## WHAT NEEDS TO BE DONE
Images are to be left out; everything else in the listing should be repeated exactly.

+---+

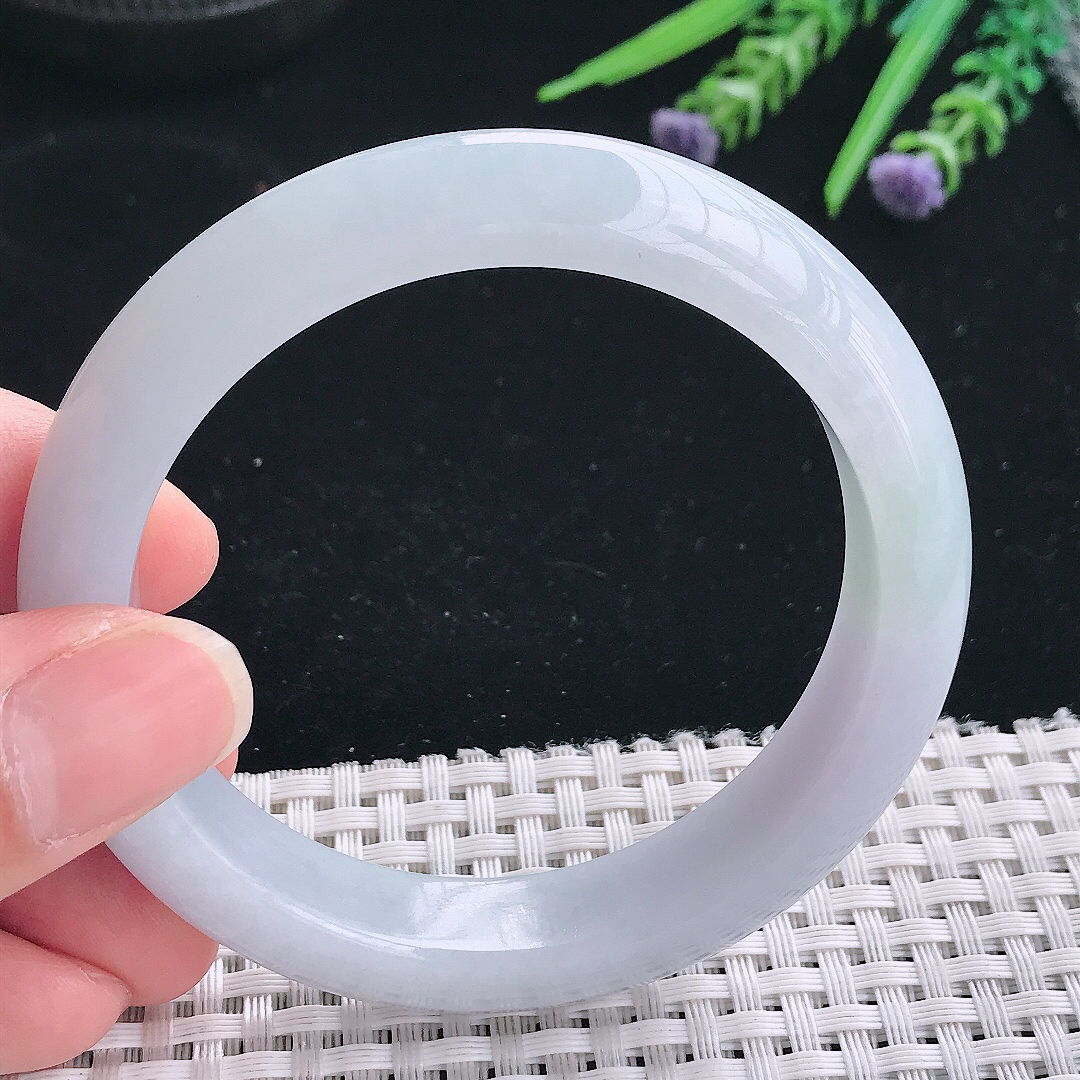 实拍A货翡翠57/12.8/8.8老坑秀气温润浅紫色手镯玉镯手环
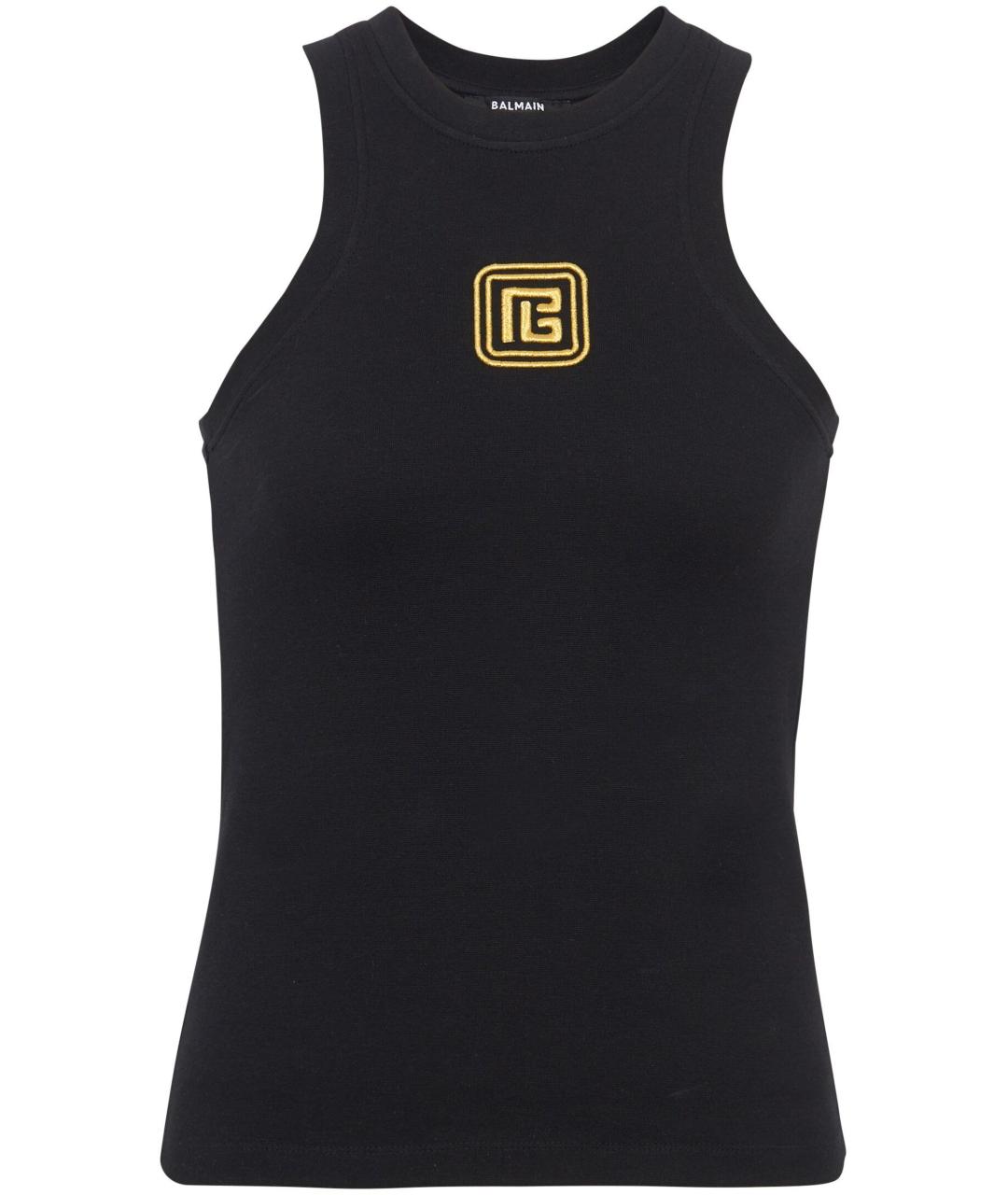 BALMAIN Черная хлопковая майка, фото 1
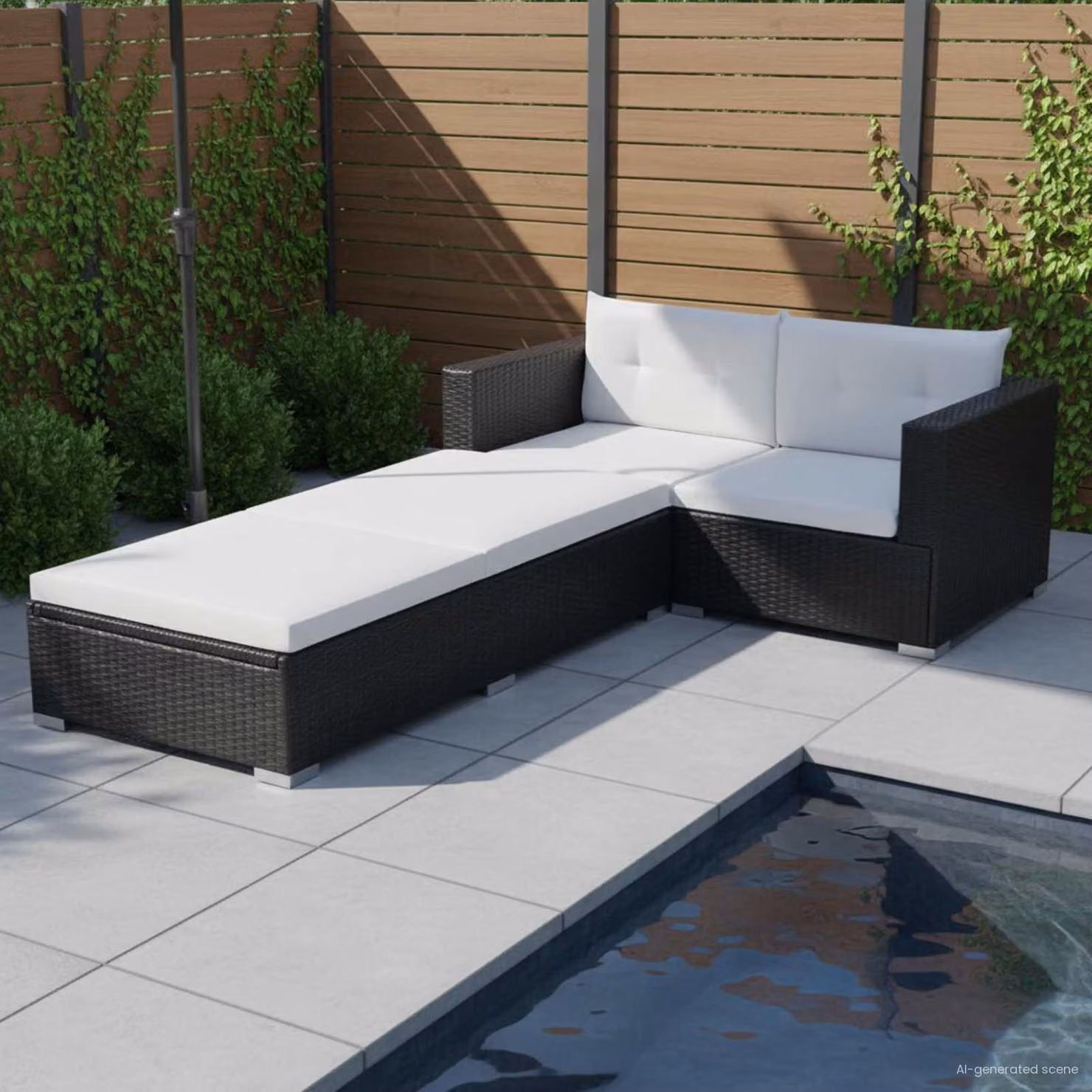 Maison Exclusive - Set da giardino 3 pezzi con cuscini in polyrattan nero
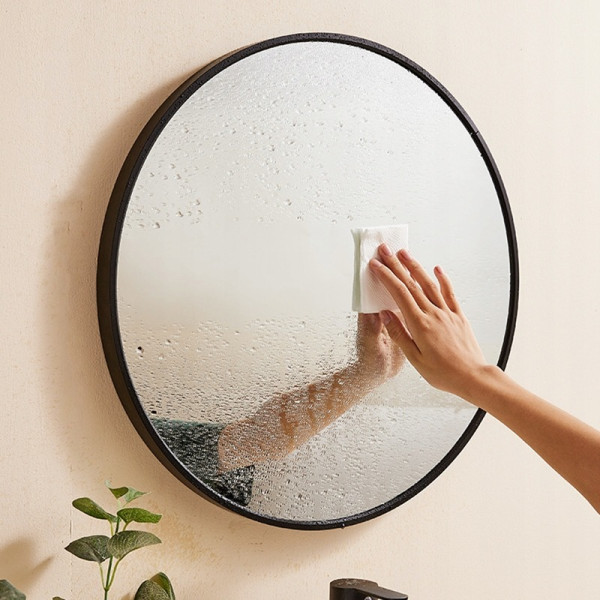 Duże lustro okrągłe łazienkowe salon sypialnia czarne 80cm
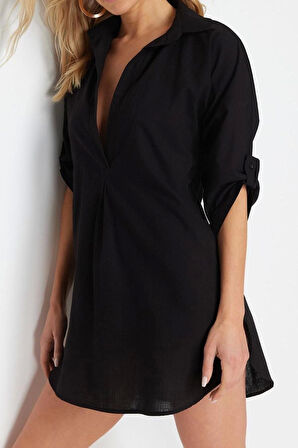 Moda Uzun Kollu V Yaka Mini Elbise Mavi Mini Dokuma %100 Pamuklu Plaj Elbisesi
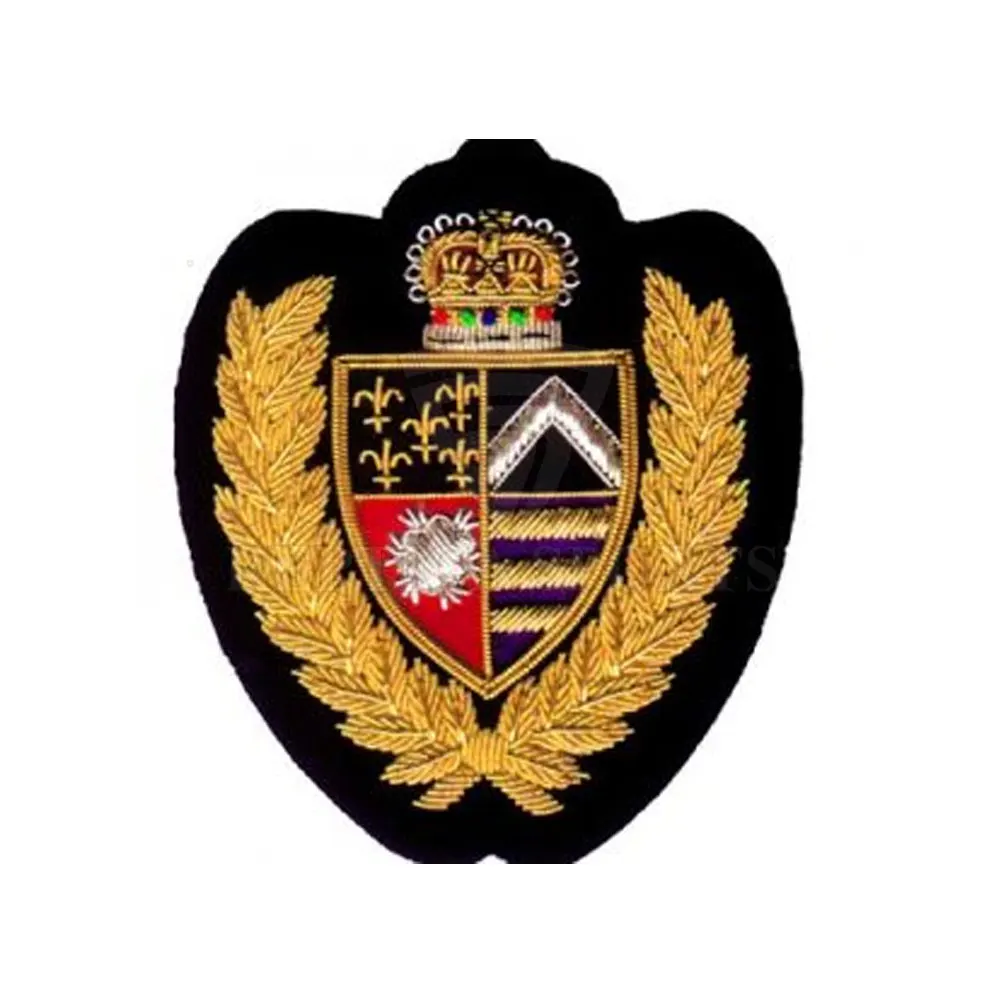 2024 Fashion Artillery Blazer Badge Wire Bullion Hand Embroidery Brooch Thread Blazer Badge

+---+

## RESULT OF THIS TASK
 实拍A货翡翠57/12.8/8.8老坑秀气温润浅紫色手镯玉镯手环
 BALMAIN Черная хлопковая майка, фото 1
 Maison Exclusive - Set da giardino 3 pezzi con cuscini in polyrattan nero
 Duże lustro okrągłe łazienkowe salon sypialnia czarne 80cm
 Moda Uzun Kollu V Yaka Mini Elbise Mavi Mini Dokuma %100 Pamuklu Plaj Elbisesi
 2024 Fashion Artillery Blazer Badge Wire Bullion Hand Embroidery Brooch Thread Blazer Badge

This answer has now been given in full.